La nouvelle n’a pas fait grand bruit, mais elle devrait nous inquiéter. Le 4 septembre dernier, Le Soleil rapportait que le gouvernement du Québec « s’apprêterait à réformer le milieu universitaire en orientant davantage les jeunes vers les programmes dits plus payants ou hautement spécialisés ». En juin, François Legault et Danielle McCann, ministre de l’Enseignement supérieur, auraient rencontré les recteurs pour discuter de la possibilité « d’arrimer davantage l’enseignement aux besoins du marché ».

La démarche semble s’inspirer d’un précédent japonais. En 2015, en effet, une directive émanant du gouvernement de ce pays demandait aux présidents des 86 universités nationales publiques de « réfléchir pour orienter les jeunes de 18 ans vers des domaines hautement utiles où la société est en demande », comme le rapportait le journal Libération le 25 septembre 2015. Le gouvernement japonais allait jusqu’à « conditionner les subventions d’État à l’avancée des réformes » en ce sens.

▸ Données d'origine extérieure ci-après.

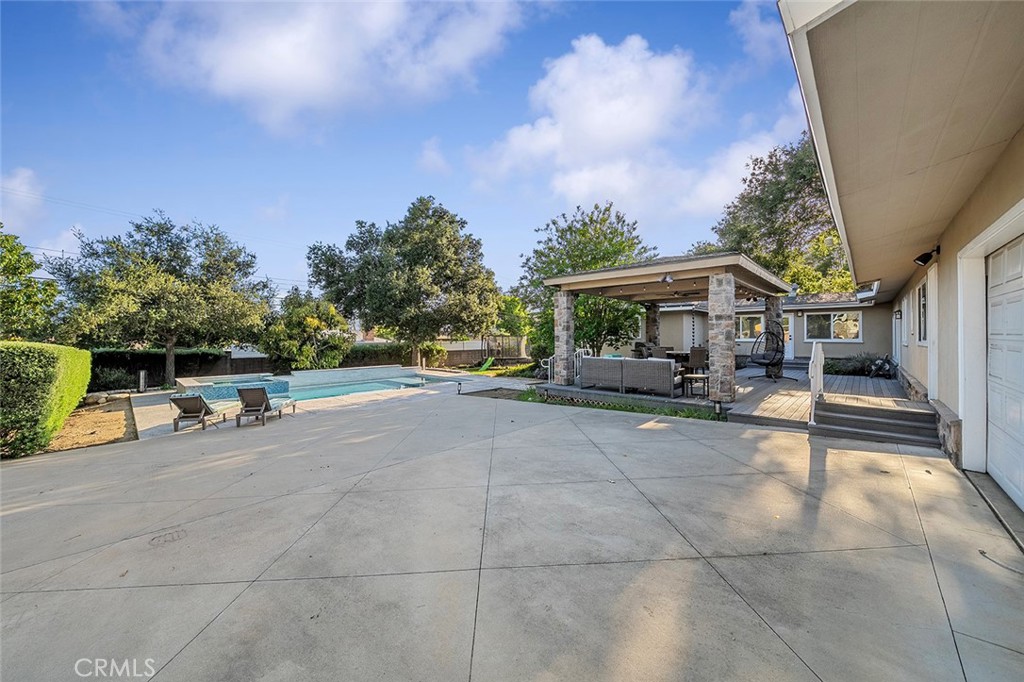 726 E Sierra Madre Avenue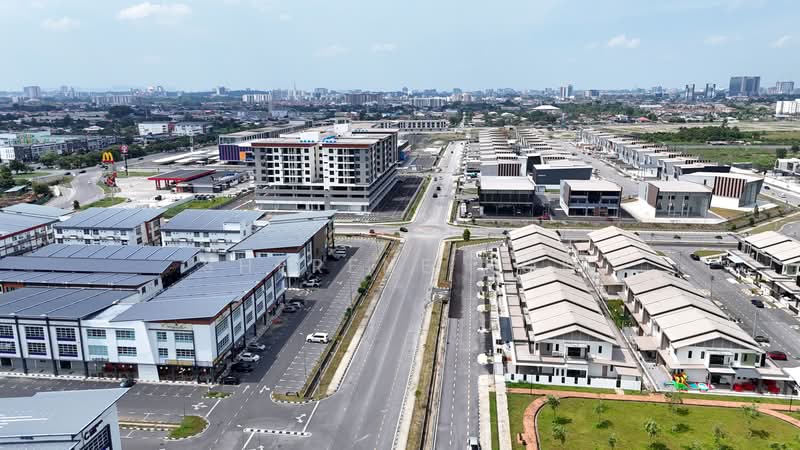 Kedai untuk Dijual di Pine Square (Kuching) - Sherene Kok - Exterior - PropertyGuru.com.my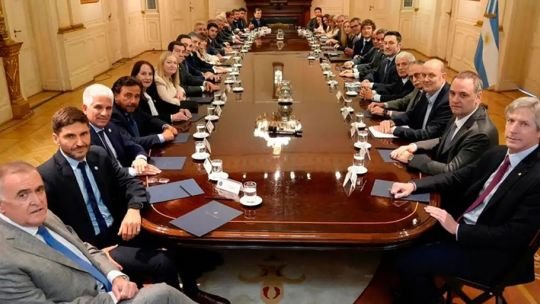 Buenas sensaciones del encuentro entre Javier Milei y los gobernadores: “El primer objetivo cumplido fue tener una foto amplia”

Pour le moment, le gouvernement Legault ne va pas jusque-là, mais songerait à l’idée d’offrir des bourses aux jeunes qui choisiraient les « bons » programmes, comme les finances, le génie et l’intelligence artificielle. On devine la suite : les programmes considérés comme moins utiles, voire inutiles, par les béotiens au pouvoir seront négligés et peut-être même menacés de disparition. Les sciences humaines, la littérature et la philosophie trinqueront, comme d’habitude.

La critique est sempiternelle : ces domaines passionnent peut-être les intellectuels ou les esprits rêveurs, mais ne servent pas à grand-chose. Au collégial, par exemple, les cours de littérature et de philosophie sont fréquemment accusés de nuire à la diplomation ou de la retarder.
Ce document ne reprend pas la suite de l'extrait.